/image by Joshua Held/
C’è coraggio ed impegno nelle iniziative Venice Sessions. Impegno perché si trattano temi di frontiera: questa volta il design. Coraggio perché lo si fa mettendo in connessione architetti, progettisti, direttori di riviste di design con blogger, analisti dell’innovazione ed il “pubblico” della Rete – la complessità della relazione la potete leggere qui, nel fluire dei tweet, oppure nella narrazione parallela “non ufficiale” di Gianluca o magari, giusto per affacciarvi al clima, gustatevi il resoconto auto-etnografico di Galatea.
D’altra parte, come ha detto Luca De Biase (re-twittato in giro) “questo non è un evento è 1 modo di mettere insieme le idee”. Solo per questo andrebbe avviato il processo di beatificazione di Salvo, patron illuminista dell’iniziativa 😉
Questa quindi è una modalità operativa per mettere in narrazione la cultura dell’innovazione, un momento che si propone di fare da agente catalizzatore. È questa sua natura processuale, di attivatore culturale e di alimentatore di prospettive che mi interessa di più. (Qualcuno di noi – io e lui, ad esempio- non si dimentica la troppo breve esperienza della collana Mediamorfosi Telecom/Utet che ha rappresentato un progetto di sviluppo culturale per una generazione italiana di analisti dell’innovazione mediale).
Un resoconto sintetico della giornata lo trovate scritto proprio da Luca, moderatore ed attivatore di conversazioni. Qui lascio qualche mia considerazione emersa dall’ascolto, dalle conversazioni, dalle chiacchiere durante e dopo (è “1 modo di mettere insieme le idee” ma è un modo “totale”, ti assorbe per tutto il tempo).

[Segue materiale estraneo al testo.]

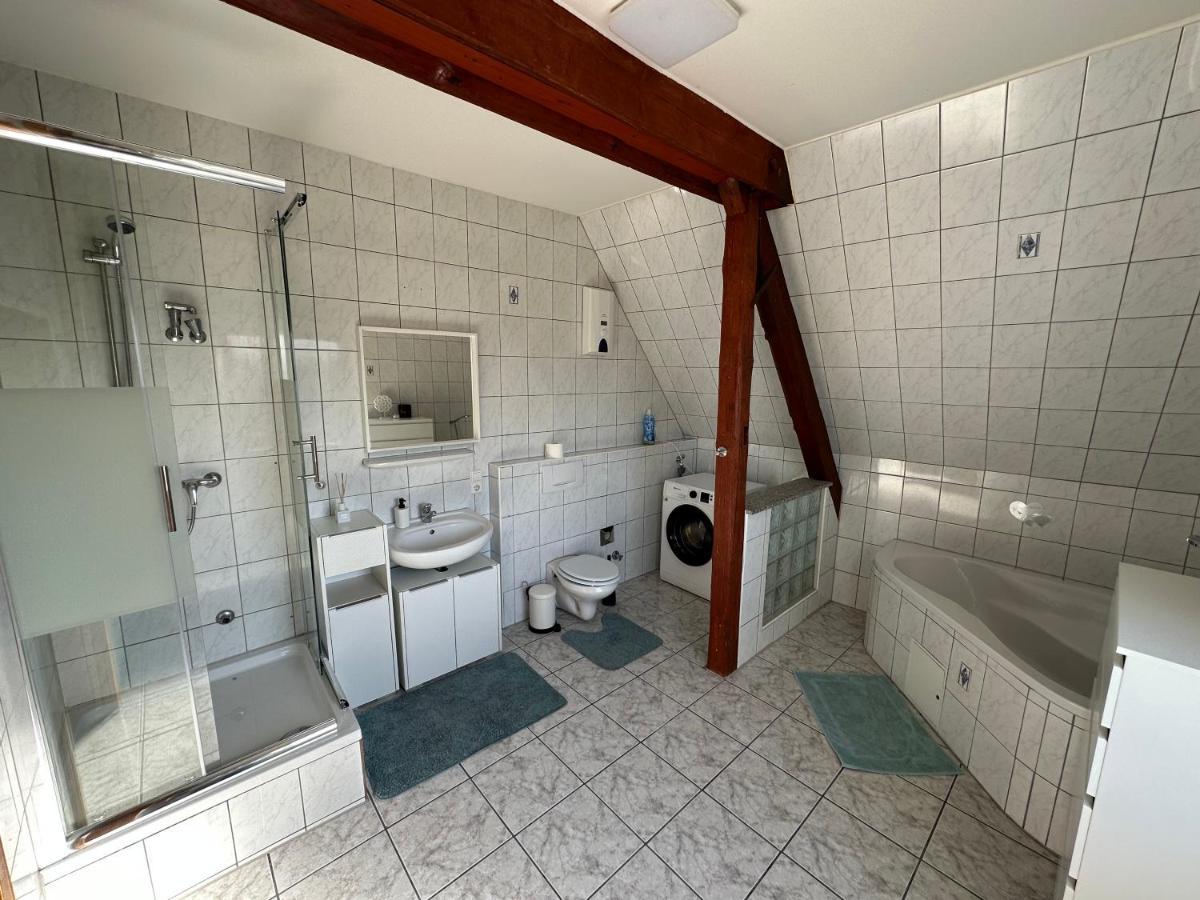 Schoene Grosse Maisonettenwohnung In Weissenthurm Εξωτερικό φωτογραφία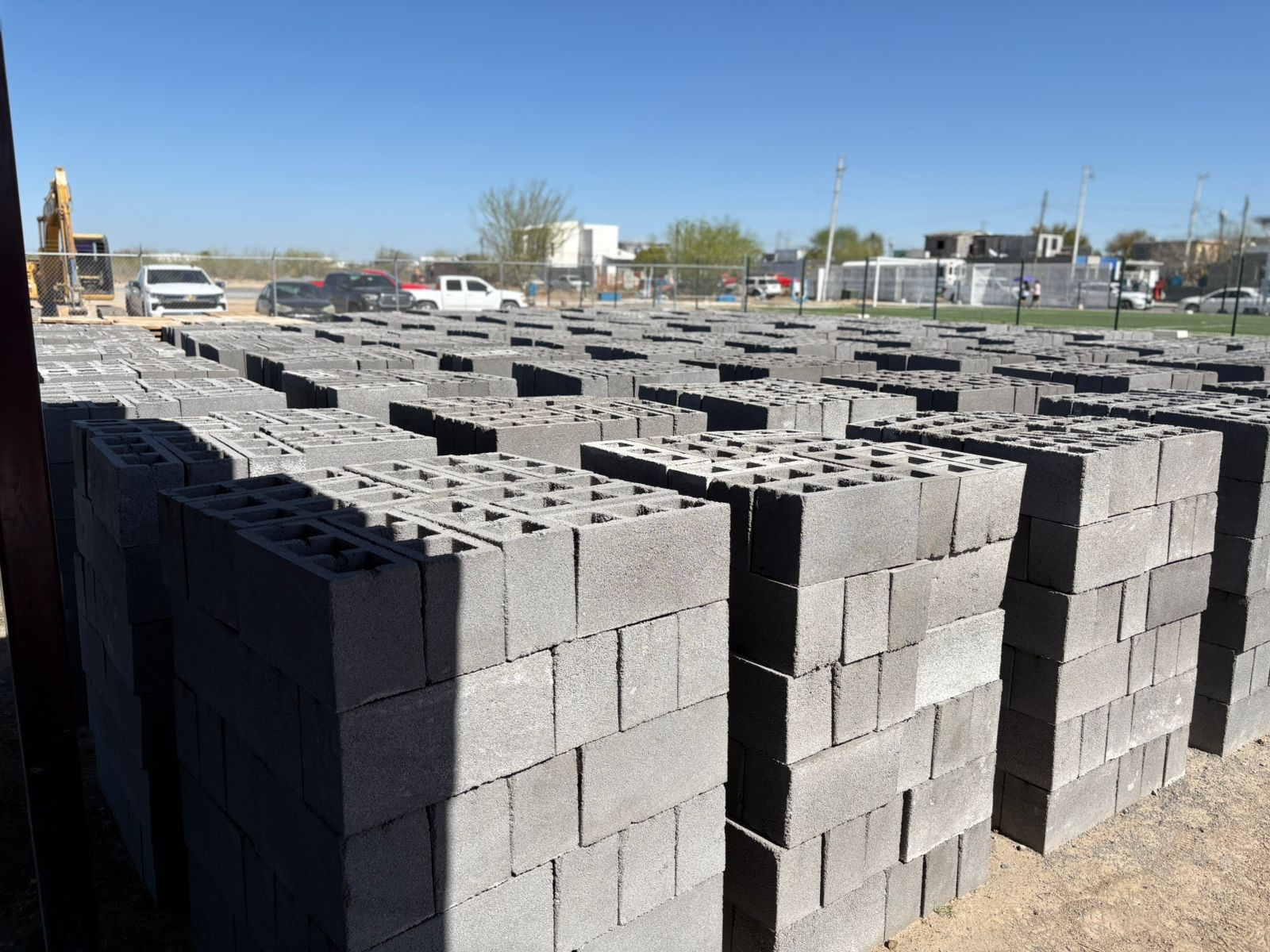 Impulsan vivienda digna: Bloquera Comunitaria inicia con asesoría técnica y trámites gratuitos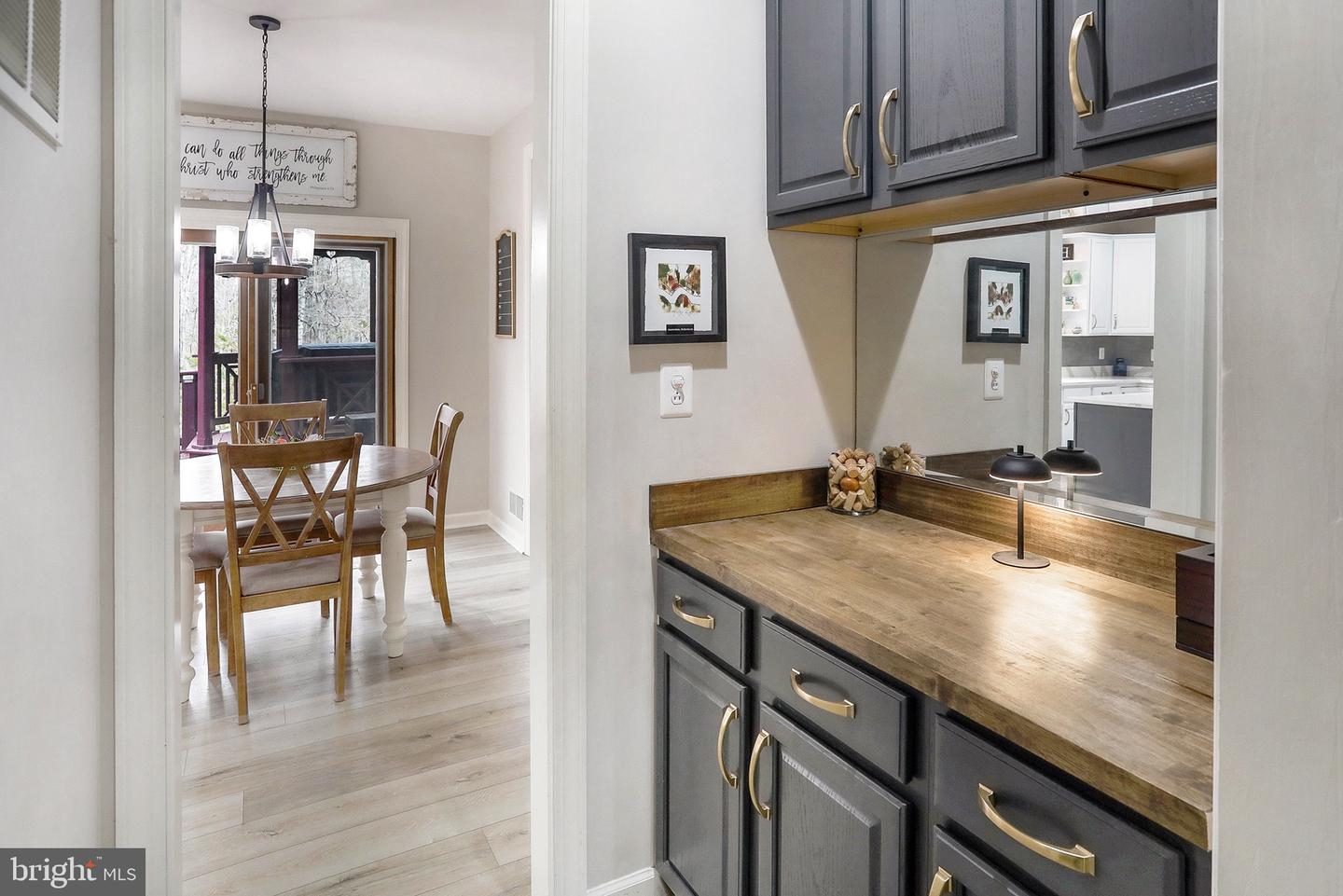 16108 GOSSUM CT, HAYMARKET, Virginia 20169, 5 Bedrooms Bedrooms, ,3 BathroomsBathrooms,Residential,For sale,16108 GOSSUM CT,VAPW2083494 MLS # VAPW2083494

Ragionare oggi del design richiede a mio parere di “forzare” la natura della semantica cui siamo abituati, pragmaticamente abituati, per abbracciare tutta la portata della sua definizione: “design underpins every form of creation from objects such as chairs to the way we plan and execute our lives” (data da uno sviluppatore di Video Game come Dino Dini). Il design si occupa di sedie e corpi. Architetture e relazioni sociali. Cartelli stradali ed emozioni. E del software, quello culturale.
Ho trovato per questo particolarmente “irritativo” (capace cioè di “smuovere” e farsi domande non banali) un intervento come quello di Elio Caccavale, interaction designer al Royal College of Art,che ha posto al centro l’intersezione tra design, ricerca neuro cognitiva, etica, sociologia …

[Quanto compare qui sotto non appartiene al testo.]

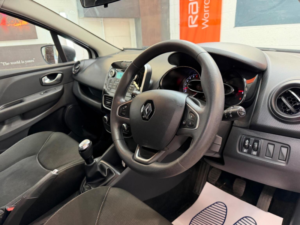 2017 Renault Clio 1.2 16v Play Euro 6 5dr in White — image 6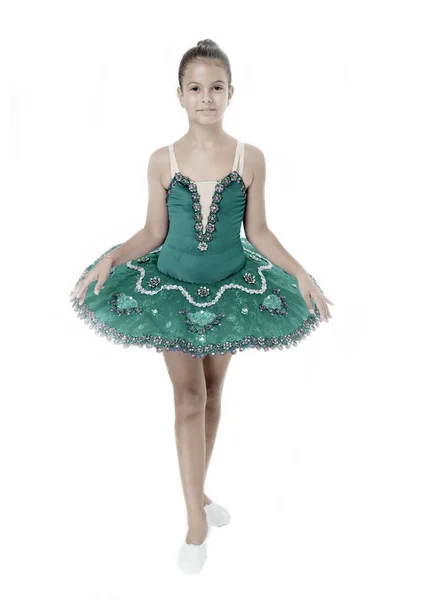 Niña en posición de ballet. Bailarina en tutú azul. Adorable bailarina tomar clases de baile. Reina bailarina. Se necesita disciplina para ser el mejor —  Fotos de Stock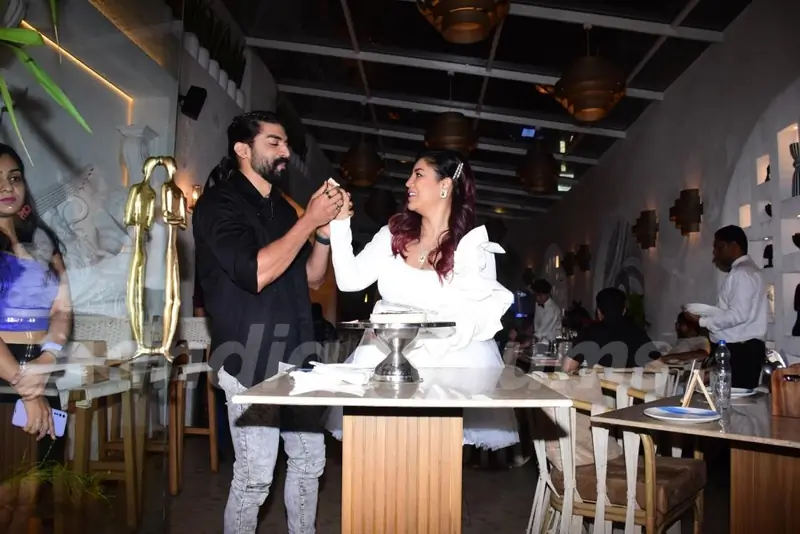 Gurmeet Choudhary celebrates his wife Debina Bonnerjee’s birthday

Prendiamo Neuroscope, pensato come un modo per creare (disegnare?) una nuova relazione tra ambiente domestico e laboratorio di ricerca, rendendo quotidiani complessi processi di laboratorio. È così che attraverso un microscopio connesso a un PC è possibile osservare a distanza una cultura di cellule cerebrali che crescono in remoto. Si esplorano e ridefiniscono contemporaneamente anche le relazioni tra entità umane e nuove classi di soggetti post-umani.
Oppure Lifestyle Pets, che consente di ri-disegnare animali domestici rendendoli ipo-allergenici (da leggersi alcune “perle” scritte nell’area Testimonial di persone che finalmente possono sfregarsi musetti di gatti sulla faccia). Fino ad arrivare alle forme di design del proprio figlio.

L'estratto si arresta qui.